Hadoop源码分析笔记(七)：HDFS非远程调用接口

HDFS非远程调用接口

在网络文件系统(NFS)是SUN公司在远程调用(RPC)之上开发的，它的所有文件操作，包括文件/目录API和用于读写文件数据，都通过远程过程调用实现。客户使用本地操作系统提供的系统调用访问文件系统，当虚拟文件系统发现系统调用需要访问NFS时，如在远程服务器上创建目录或对文件进行读操作，虚拟文件系统会将操作传递给NFS客户组件，由该组件通过RPC访问相应的NFS服务器。

在上一节的分析中，特别是在对ClientProtocol的分析中个，我们知道，HDFS的文件和目录相关事务部分，遵循了NFS的实现思路，文件/目录API利用Hadoop远程过程调用，发送到名字节点上去执行。但对文件数据的读写，HDFS采取了和网络文件系统截然不同的实现方式。

HDFS没有采用远程过程调用实现对文件的读写，原因非常简单，HDFS需要支撑超大文件，基于Hadoop IPC实现文件读写，效率达不到系统设计的要求。同时，HDFS提供了对数据的流式访问，使用基于TCP的流式数据访问接口，有利于批量处理数据，提高数据的吞吐量。

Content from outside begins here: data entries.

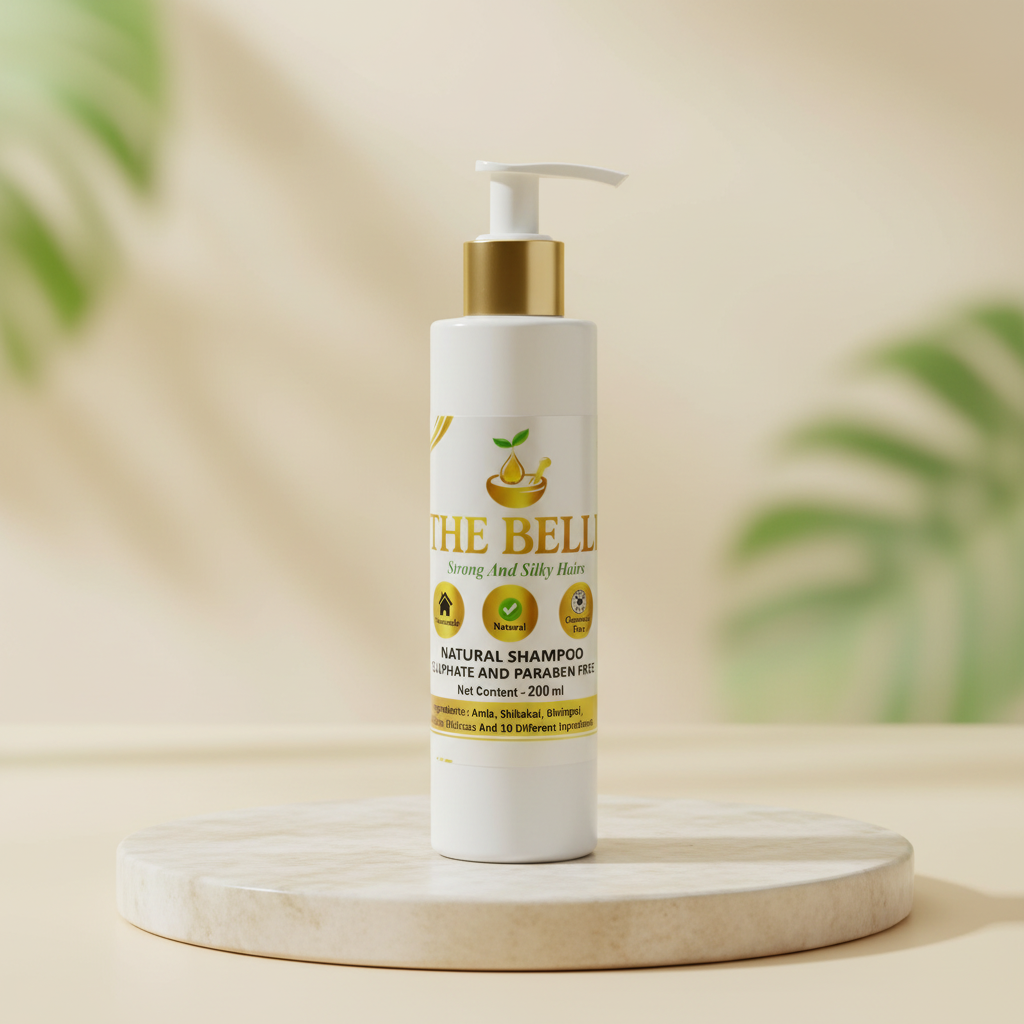 THE BELLE Hair Shampoo Pack Of 200ml Gentle Herbal Daily Hair Cleansing Fresh Healthy Looking Hair Premium Traditional Care Maharashtra Formula
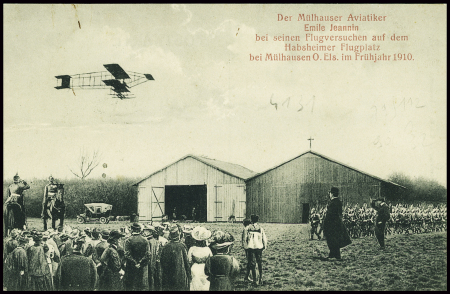 Carte postale allemande : l'avion d'Emile Jeannin survolant le meeting de Mulhouse en 1910. TB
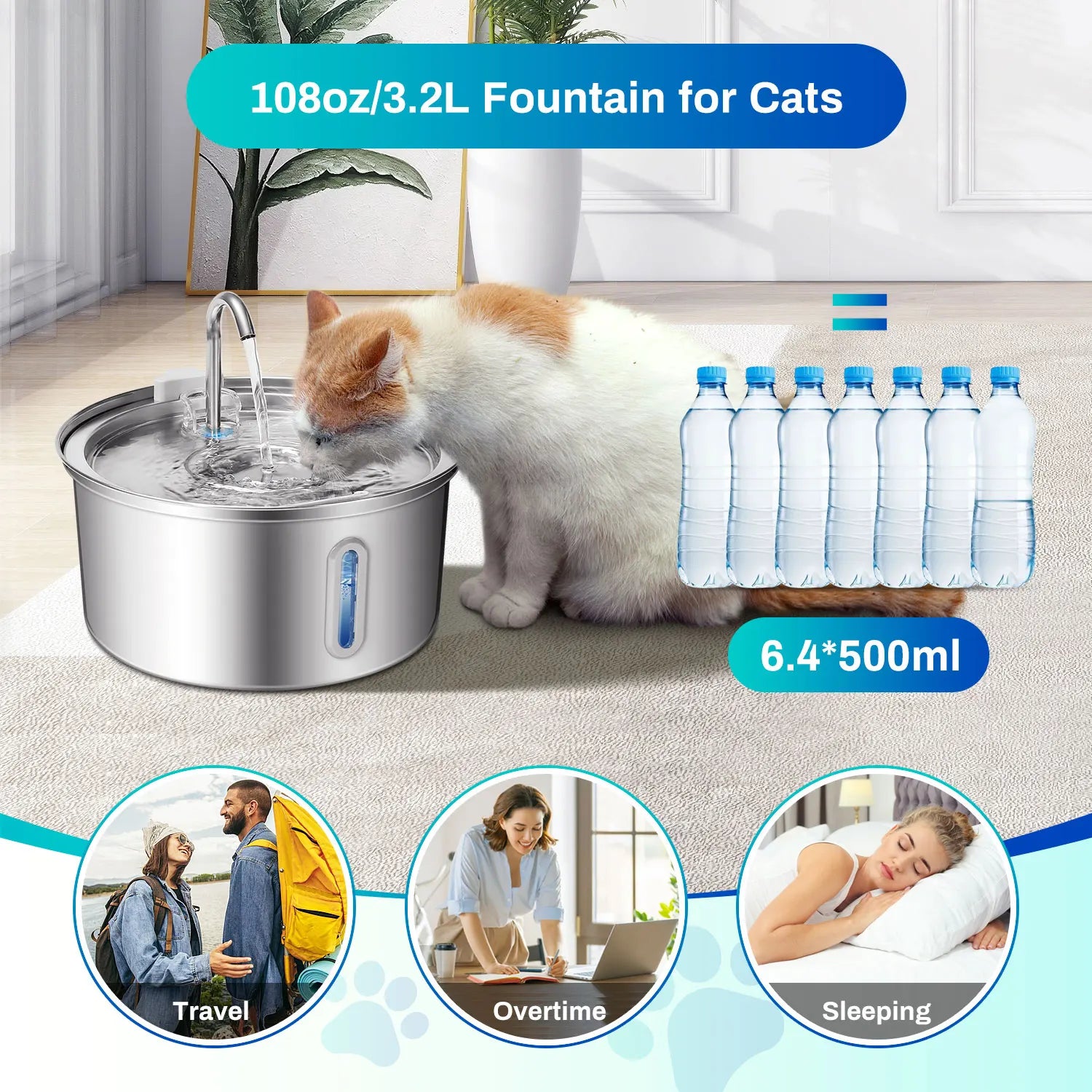 Pet Water Fountain Ultra Quiet Pump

我们知道第二名字节点会根据一定策略合并名字节点上的命名空间镜像和镜像编辑日志。但是NamenodeProtocol并没有获取原始镜像数据和编辑日志的远程方法，也没有上传合并后新命名镜像的远程方法，上述两个过程，是通过名字节点提供的，基于HTTP的流式接口进行的。第二名字节点利用名字节点的内建的HTTP服务器，使用HTTP的Get操作获取数据，即原始命名空间镜像和编辑日志，合并操作完成后，利用HTTP协议通知名字节点，由名字节点使用HTTP GET，从第二名字节点下载新命名空间镜像。名字节点和第二名字节点的这个接口也是非IPC的接口。

数据节点上的非IPC接口

数据节点提供对HDFS文件数据块的读写功能：将HDFS文件数据写到Linux本地文件系统的文件中，或者从这些本地文件中读取HDFS文件数据。读写的对外接口是基于TCP的非IPC接口。除了数据块的读写，数据节点还提供数据块替换、数据块拷贝和数据块效验信息等基于TCP的接口。也就是，数据节点通过流式接口，一共提供了5种操作，这些操作都有相应的请求帧结构和操作码。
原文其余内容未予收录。